Images show North Koreans playing volleyball at nuclear test site

Images show North Koreans playing volleyball at nuclear test site

North Korea's nuclear test site has been preoccupied with volleyball, not missiles, according to satellite images released on Wednesday that showed three games being played in different places around what's become an worldwide center of attention. This could mean that the tunnel has been completely sealed or that the North may have installed drainage pipes instead of using open ditches.

"It suggests that the facility might be going into a standby mode", said Joseph Bermudez, a veteran North Korea analyst, during a conference call organized by the John Hopkins University think tank 38 North, the New York Times reported.

There had been speculation that leader Kim Jong-un could order a nuclear test to coincide with celebrations to mark the 105th anniversary of the birth of North Korea's founding president, Kim Il-sung, last Saturday.

The images showed indications of some minor dumping from mine carts, which could indicate tunnelling work, but no active pumping of water out of the tunnel system used for nuclear testing, they added.

"What we've seen", he told reporters, "is somewhat unusual".

But look closely. What is that at the bottom right of the image?

Both Hanham and Bermudez agreed that the site could still be ready for a nuclear test.

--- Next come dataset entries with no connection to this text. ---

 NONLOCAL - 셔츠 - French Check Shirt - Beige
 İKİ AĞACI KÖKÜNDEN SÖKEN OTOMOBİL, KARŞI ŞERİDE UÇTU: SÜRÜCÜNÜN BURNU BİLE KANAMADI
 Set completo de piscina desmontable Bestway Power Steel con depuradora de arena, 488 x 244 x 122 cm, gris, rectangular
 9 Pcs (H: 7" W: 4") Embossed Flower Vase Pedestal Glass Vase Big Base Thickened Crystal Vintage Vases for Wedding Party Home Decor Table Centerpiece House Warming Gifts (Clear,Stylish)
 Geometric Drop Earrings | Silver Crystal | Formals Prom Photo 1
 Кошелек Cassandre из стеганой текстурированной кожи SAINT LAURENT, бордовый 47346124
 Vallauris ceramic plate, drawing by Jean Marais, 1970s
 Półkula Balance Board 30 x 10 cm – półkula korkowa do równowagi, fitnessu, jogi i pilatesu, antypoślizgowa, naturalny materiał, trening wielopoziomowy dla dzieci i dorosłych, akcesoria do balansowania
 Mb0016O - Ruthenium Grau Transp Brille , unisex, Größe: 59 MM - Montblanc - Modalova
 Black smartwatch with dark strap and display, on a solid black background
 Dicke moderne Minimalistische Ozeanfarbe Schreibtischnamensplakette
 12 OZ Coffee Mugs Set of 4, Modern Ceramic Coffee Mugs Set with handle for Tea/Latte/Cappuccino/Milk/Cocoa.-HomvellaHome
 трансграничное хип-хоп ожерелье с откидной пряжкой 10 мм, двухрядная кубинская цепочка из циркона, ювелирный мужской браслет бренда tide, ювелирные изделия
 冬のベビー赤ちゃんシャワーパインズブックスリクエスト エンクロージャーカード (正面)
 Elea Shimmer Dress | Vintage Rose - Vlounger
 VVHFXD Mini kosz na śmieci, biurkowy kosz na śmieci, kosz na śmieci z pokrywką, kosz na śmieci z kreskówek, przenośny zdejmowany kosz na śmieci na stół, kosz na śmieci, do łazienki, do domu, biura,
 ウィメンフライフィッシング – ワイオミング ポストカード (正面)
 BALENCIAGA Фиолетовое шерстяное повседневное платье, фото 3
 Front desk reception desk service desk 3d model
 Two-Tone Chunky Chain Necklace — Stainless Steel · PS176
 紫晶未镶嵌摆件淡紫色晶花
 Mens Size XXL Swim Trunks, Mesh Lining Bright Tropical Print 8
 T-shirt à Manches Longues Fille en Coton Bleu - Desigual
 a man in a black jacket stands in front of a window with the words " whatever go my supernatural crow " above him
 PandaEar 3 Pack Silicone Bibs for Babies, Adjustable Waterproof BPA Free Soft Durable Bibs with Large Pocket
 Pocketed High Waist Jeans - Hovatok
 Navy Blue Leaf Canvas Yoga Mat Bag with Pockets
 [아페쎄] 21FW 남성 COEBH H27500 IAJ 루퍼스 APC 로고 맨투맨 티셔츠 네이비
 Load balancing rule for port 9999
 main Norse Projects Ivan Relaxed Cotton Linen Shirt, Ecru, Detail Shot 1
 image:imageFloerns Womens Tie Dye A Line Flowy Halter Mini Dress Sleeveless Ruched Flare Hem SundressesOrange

North Korea's playing a deadly game. An additional image in the report showed what the analysts identified as a "possible volleyball net" near the command area.

Volleyball is a popular sport in North Korea and the country's women's national team came third in the 1972 Munich Olympics - beating neighbors and rivals South Korea to the podium.

Mr. Bermudez is an adviser to AllSource Analysis, a Colorado company that analyzes satellite images and other information for government and commercial clients.

Two U.S. intelligence officials told NBC News that North Korea is in a position to conduct a nuclear test with little or no warning.

38 North says the images could be a sign the site has been changed to a "stand-by" status or that North Korea has taken a tactical pause in preparations at the site as part of a deception technique.